# What are the squirrels in NYC up to?

In [None]:
import pandas as pd
import numpy as np
import datetime
import json

In [None]:
squirrel_df = pd.read_csv("Squirrel_Census.csv")
len(squirrel_df)

### Understanding the dataset
What are the columns? What are the data types?
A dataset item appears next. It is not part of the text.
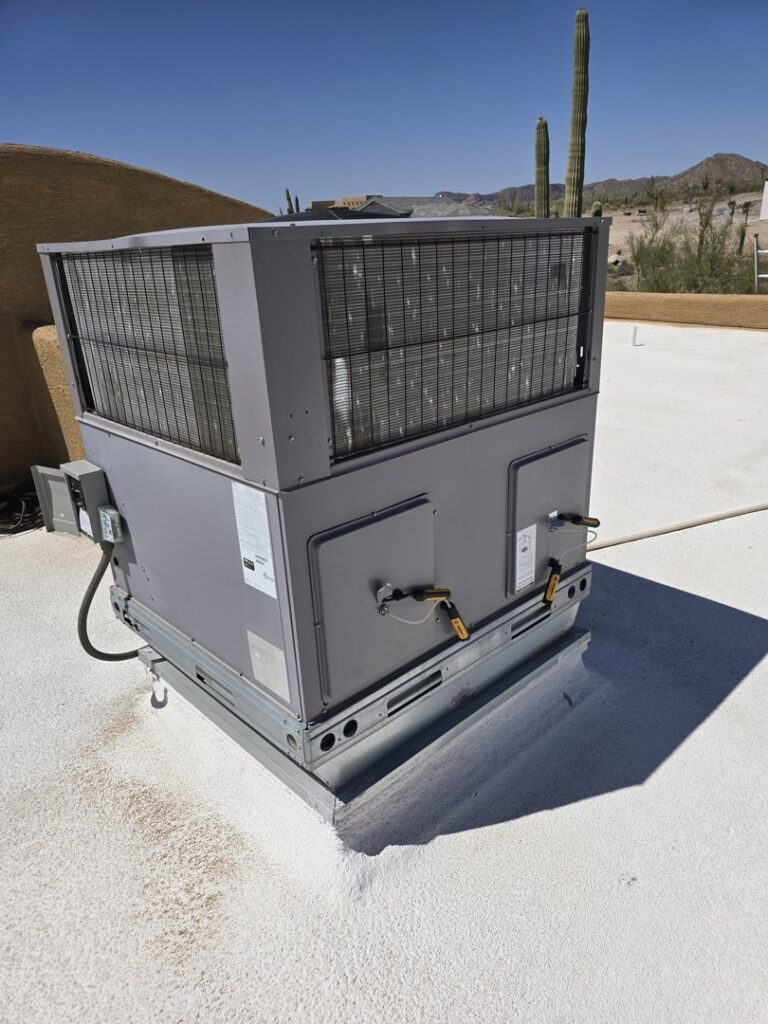 A large commercial rooftop HVAC unit installed by Quantum Cooling & Heating, serving businesses in Mesa, AZ.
Are there null values?


In [None]:
squirrel_df.columns

In [None]:
squirrel_df.info()

In [None]:
squirrel_df["Hectare"].unique()

In [None]:
squirrel_df["Primary Fur Color"].unique()
# squirrel_df["Highlight Fur Color"].unique()
# squirrel_df["Color notes"].unique()

In [None]:
# in Java
for i in range(150):
    field = squirrel_df.iloc[i]["Other Activities"]
    if field == field:
        print(field)

In [None]:
# in Python
squirrel_df[~squirrel_df["Other Interactions"].isna()]["Other Interactions"]

In [None]:
i=0
i+=20
# squirrel_df[~squirrel_df["Other Activities"].isna()]["Other Activities"].iloc[i:i+20]
squirrel_df[~squirrel_df["Other Interactions"].isna()]["Other Interactions"].iloc[i:i+20]

### Data Cleaning

In [None]:
# first, let's clean the notes so that we can separate words and numbers

from cleantext.sklearn import CleanTransformer

cleaner = CleanTransformer(no_punct=True,
                           lower=True, 
                           no_emoji=True, 
                           no_line_breaks=True, 
                           no_urls=True, 
                           normalize_whitespace=True,
                           to_ascii=False)

In [None]:
text_columns = ["Other Activities", "Other Interactions"]
for col in text_columns:
    new_col = f"{col}_clean"
    squirrel_df[new_col] = cleaner.transform(squirrel_df[col].str.replace("-", " ").fillna(""))

In [None]:
# 1332
squirrel_df["Other Activities_clean"].sample(10)

In [None]:
# Always clean dates
squirrel_df["Date"]

In [None]:
def easy_convert_date(orig):
    orig = str(orig)
    month = int(orig[0:2])
    day = int(orig[2:4])
    year = 2018
    return datetime.date(year, month, day).strftime("%m/%d/%Y")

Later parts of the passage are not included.